How then did we get to this present dilemma in California? How did we arrive at a world where thousands of citizens have lounged, embittered, on the dole while harvests go unpicked? How did we ignore thousands here, but demand that thousands more come illegally from across the border? How did we manufacture provocateurs at the university who burn the flag of the land they so desperately want to inhabit, while they proudly wave the flag of the country they so demonstrably prefer to abandon? How did we craft a society where the juvenile chooses the barbarism of the predatory jungle, but when injured or maimed he emerges from the wild to demand as his inalienable right the expensive succor of a compassionate and ordered culture he professes to despise? How did we create an intelligentsia that offers as models the despot Montezuma and the outlaw Pancho Villa, instead of Socrates and Lincoln?

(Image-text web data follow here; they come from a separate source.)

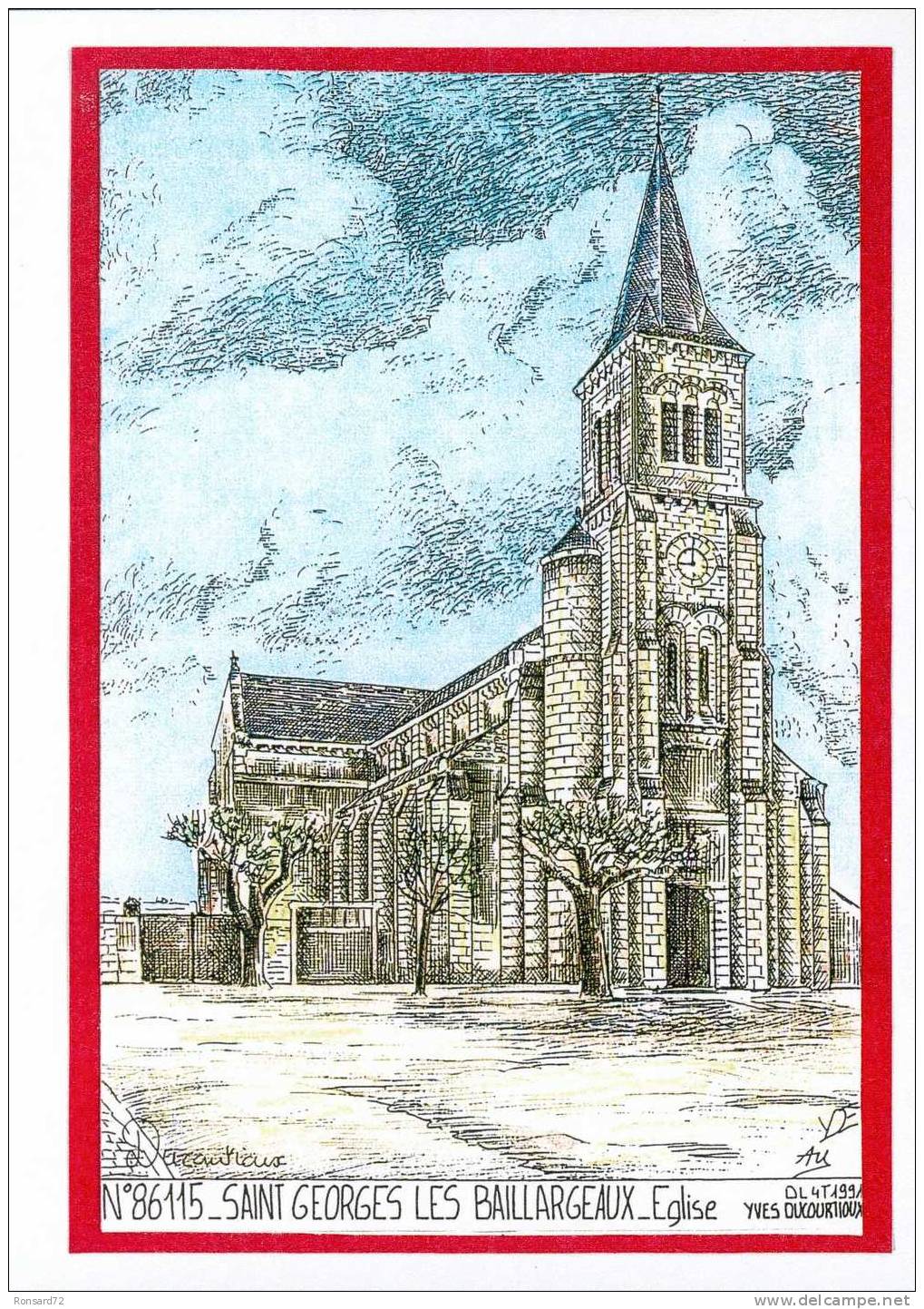 86 SAINT GEORGES LES BAILLARGEAUX - Eglise  - Illustration Yves Ducourtioux - Saint Georges Les Baillargeaux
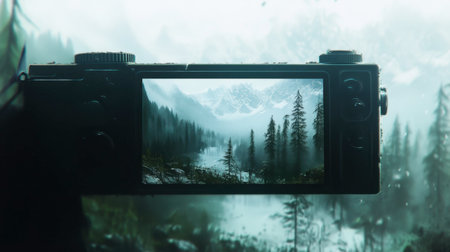 A captivating camera captures a tranquil landscape, showcasing majestic mountains and a serene river. Perfect for nature enthusiasts and photographers.の素材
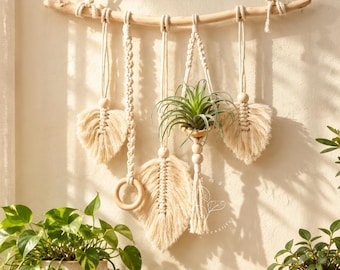 Macrame Air Plant Hanger Air Plant Holder Boho Wall Hanging Leaf Wall Decor Botanical Wall decor Macrame Plant Hanger Plant Lover Gift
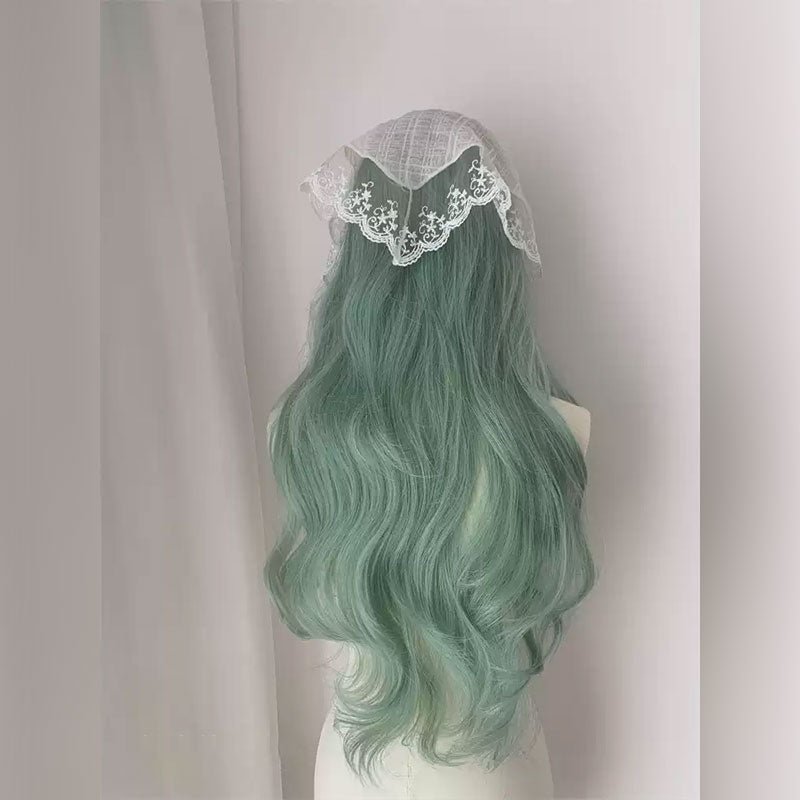 Lemailwig Mint Green Curly Front Lace Wig - lemailwigs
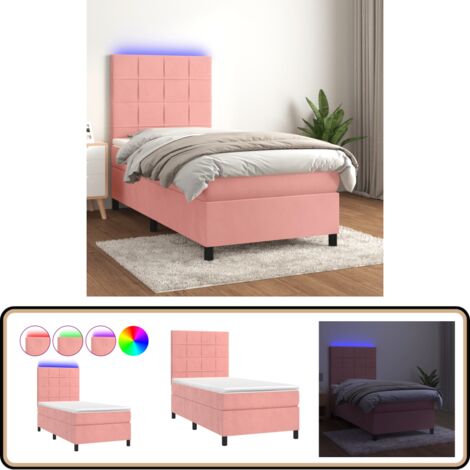 Sommier à lattes de lit avec matelas LED Rose 90x200 cm Velours - Sommier Tapissier - Lit Plateforme - Lit Avec Rangement - Lit Design - Lit Double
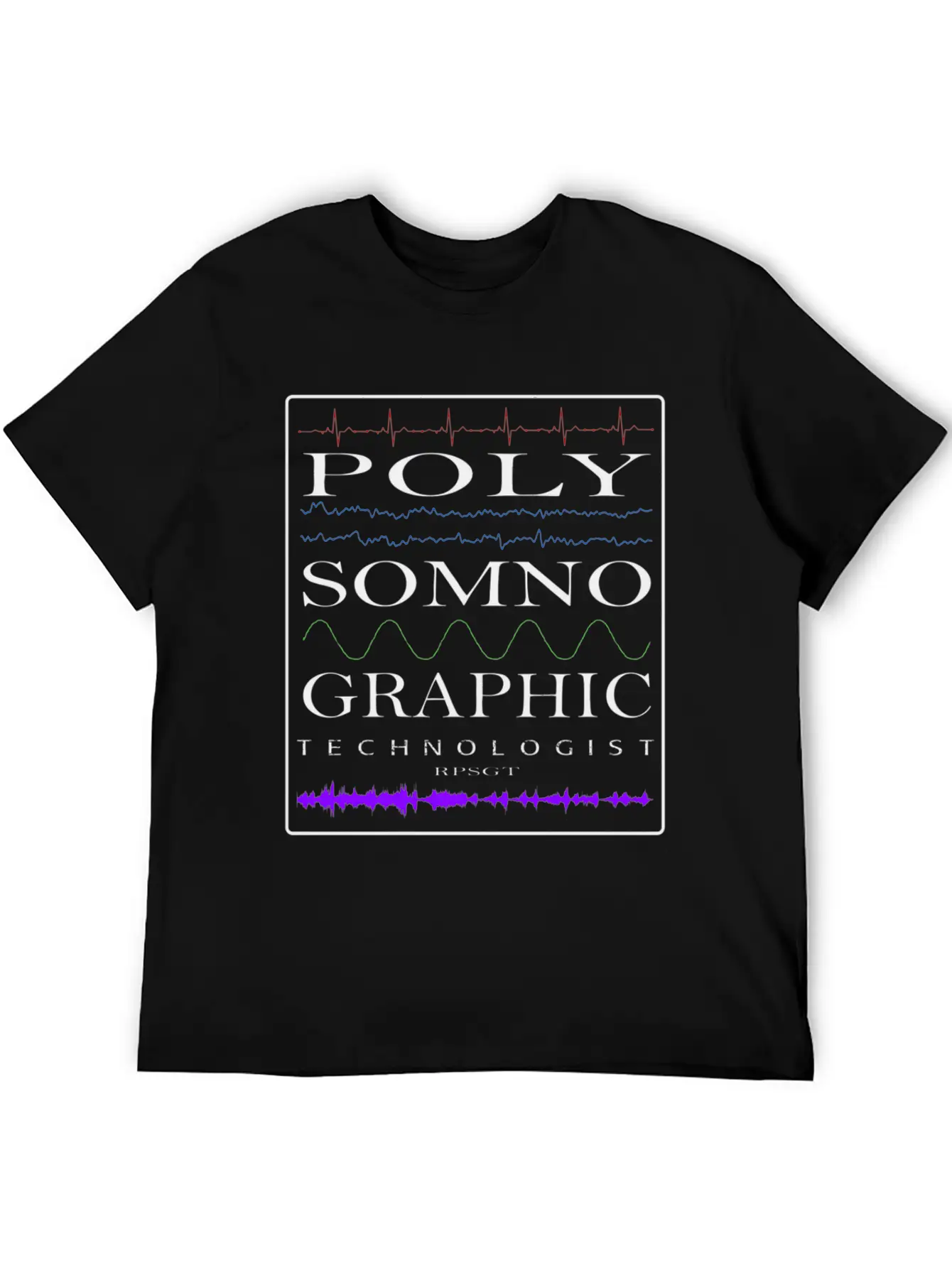 Sleep Tech Sleep Lab Polysomno Tech Waveforms Stylish Everyday T-Shirt – Unisex Basic Cotton Tee
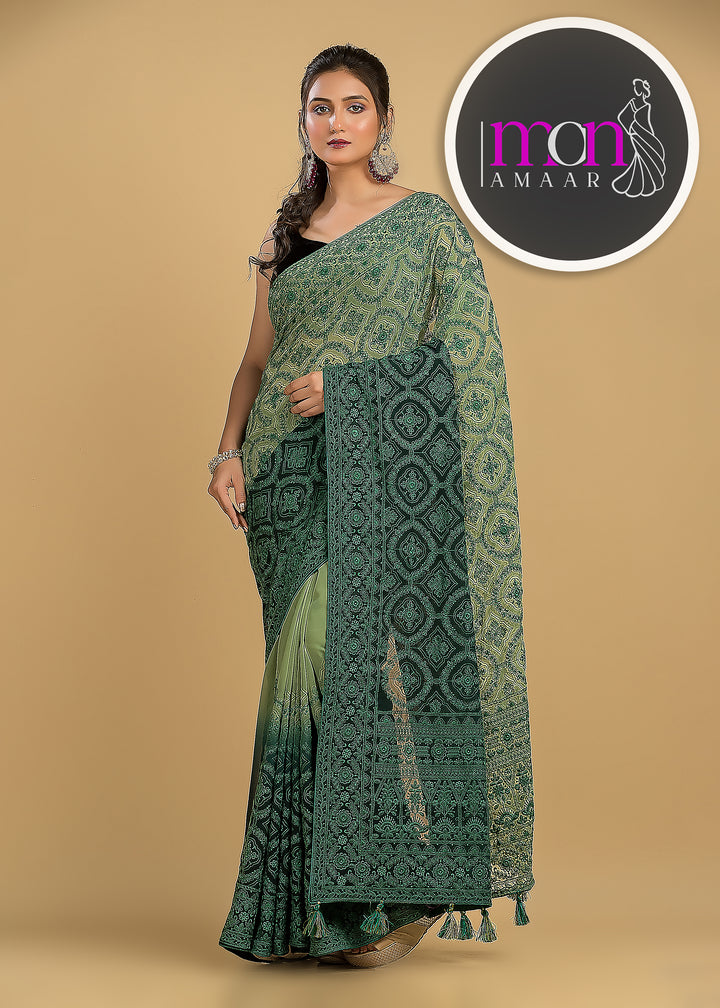 Spill the beans Of Beauty(Embroidery Saree)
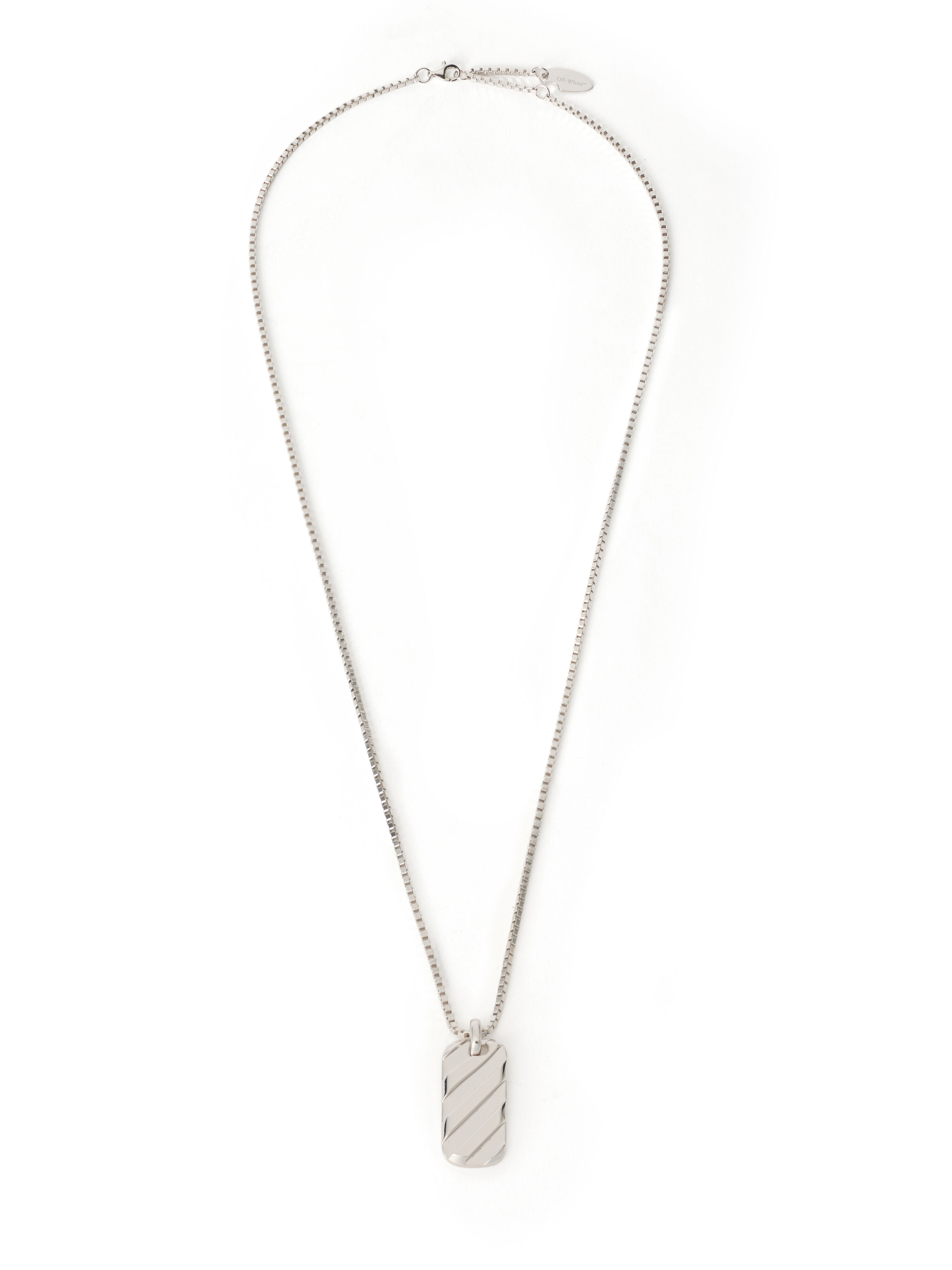 Diag Dog Tag Necklace OFF WHITE Diag Dog Tag Necklace STERLING SILVER C06562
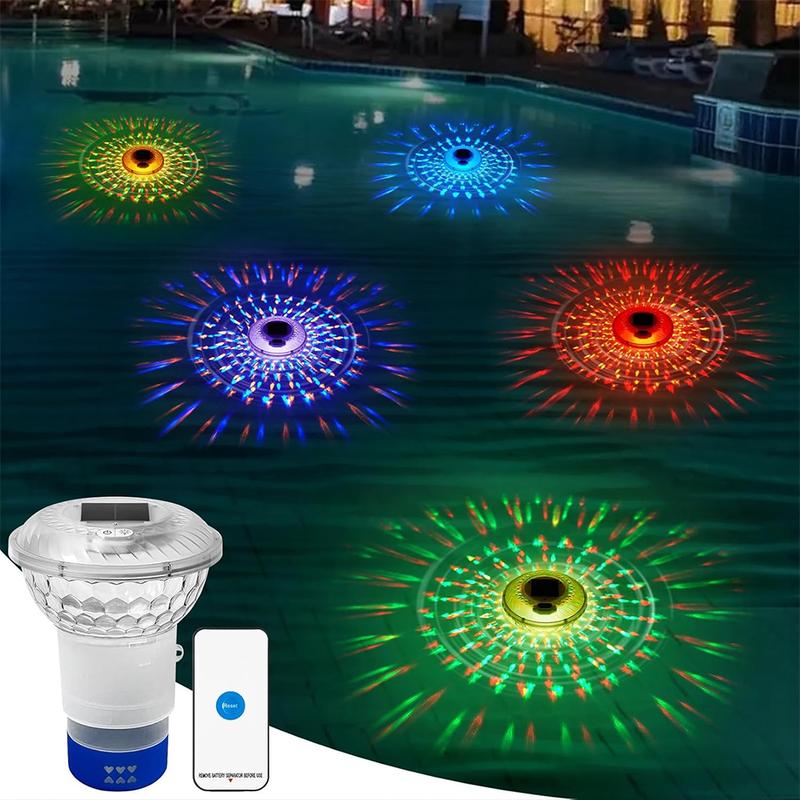 Solar Powered Pool Chlorine Floater with Colorful Lights for Nighttime Ambiance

If Mexico had not been contiguous to the United States, if migrants had only come in the thousands, not millions, if self-proclaimed advocates on campus and in the media had been honest and responsible folk, and if this had remained an America of the melting pot rather than the separatist culture of the 1980s and 1990s, then, I think, we would have fewer problems with race, culture and immigration.

But that is a lot of ifs.

SIX

A Remedy in Popular Culture?

WE MUST KEEP SOME PERSPECTIVE. Even if only six out of ten California residents of Mexican heritage are really graduating from high school, that figure still implies that every year, hundreds of thousands of Mexicans and Mexican-Americans are entering the work force in occupations other than menial labor and slowly finding their way into the mainstream, to join earlier immigrants in the American middle and upper classes.

It is not uncommon in my hometown to be stopped by a Mexican-American policeman, to talk about one's kids with a Mexican-American school principal, and to remonstrate with a Mexican-American city council member - many of them identifiable as being of Mexican heritage only by surname, never by accent, manner or appearance. Small business men and women -  restaurant owners, brake shop owners, labor contractors and truck fleet owners - are increasingly Mexican-Americans.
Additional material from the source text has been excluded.